Studio album by Pale Saints
- Released: 12 February 1990
- Studio: Blackwing (London)
- Genre: Shoegaze; dream pop;
- Length: 41:06
- Label: 4AD
- Producer: John Fryer; Gil Norton;

Pale Saints chronology
|  | The Comforts of Madness (1990) | In Ribbons (1992) |

= The Comforts of Madness (album) =

The Comforts of Madness is the debut studio album by English alternative rock band Pale Saints. It was released on 12 February 1990 by 4AD.

The Comforts of Madness peaked at number 40 on the UK Albums Chart. On 17 January 2020, 4AD released a remastered and expanded reissue of the album for its 30th anniversary.

==Critical reception==

Reviewing The Comforts of Madness for NME, Simon Williams praised the album as an "unnervingly multi-dimensional collage of melody and friction" with "at least eight Great Pop Tunes, all hooklines and absolutely no stinkers." The magazine later named it the 45th best album of 1990.

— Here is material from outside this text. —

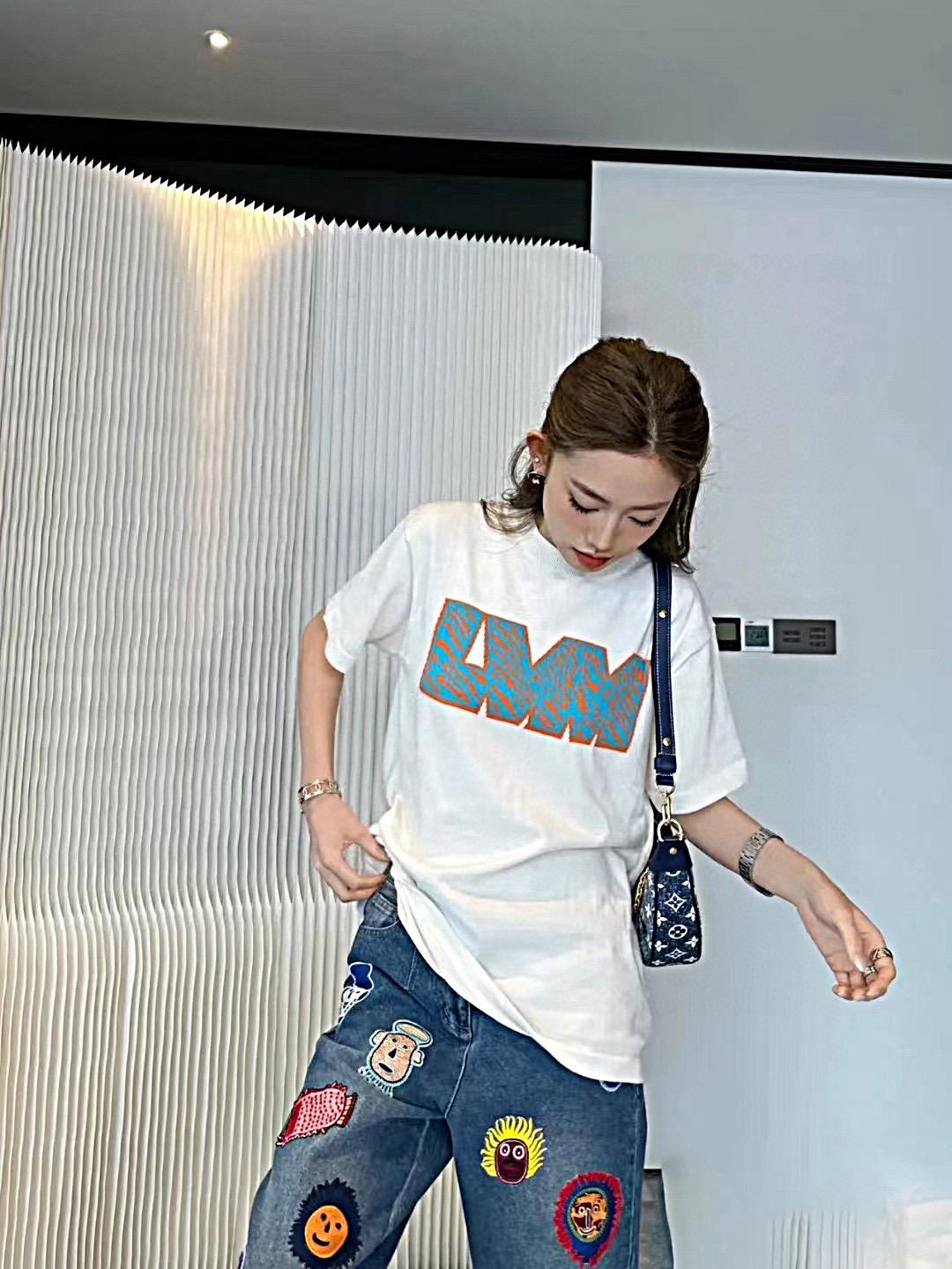 루이비통 타이거 프린트 반팔 (해외배송)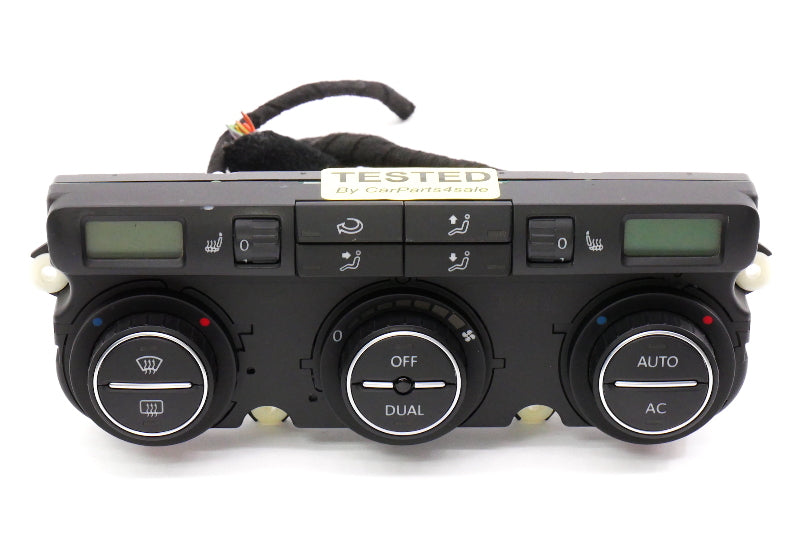 Dual Climate Controls 06-10 VW Jetta GTI R32 MK5 AC Heater HVAC - 1K0 907 044 BS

In 2016, Pitchfork ranked The Comforts of Madness at number 21 on its list of the 50 best shoegaze albums of all time.

Professional ratings
Review scores
| Source | Rating |
| AllMusic |  |
| Mojo |  |
| NME | 9/10 |
| Pitchfork | 7.6/10 |
| Q |  |
| Record Mirror | 4/5 |
| Uncut | 9/10 |
| Under the Radar | 9/10 |

==Track listing==

| No. | Title | Writer(s) | Length |
|---|---|---|---|
| 1. | "Way the World Is" |  | 2:40 |
| 2. | "You Tear the World in Two" |  | 3:01 |
| 3. | "Sea of Sound" |  | 5:52 |
| 4. | "True Coming Dream" |  | 2:30 |
| 5. | "Little Hammer" |  | 2:17 |
| 6. | "Insubstantial" |  | 4:20 |
| 7. | "A Deep Sleep for Steven" |  | 3:44 |
| 8. | "Language of Flowers" |  | 2:54 |
| 9. | "Fell from the Sun" | Kendra Smith | 4:45 |
| 10. | "Sight of You" |  | 5:37 |
| 11. | "Time Thief" |  | 3:26 |
| Total length: |  |  | 41:06 |

==Personnel==
Credits are adapted from the album's liner notes.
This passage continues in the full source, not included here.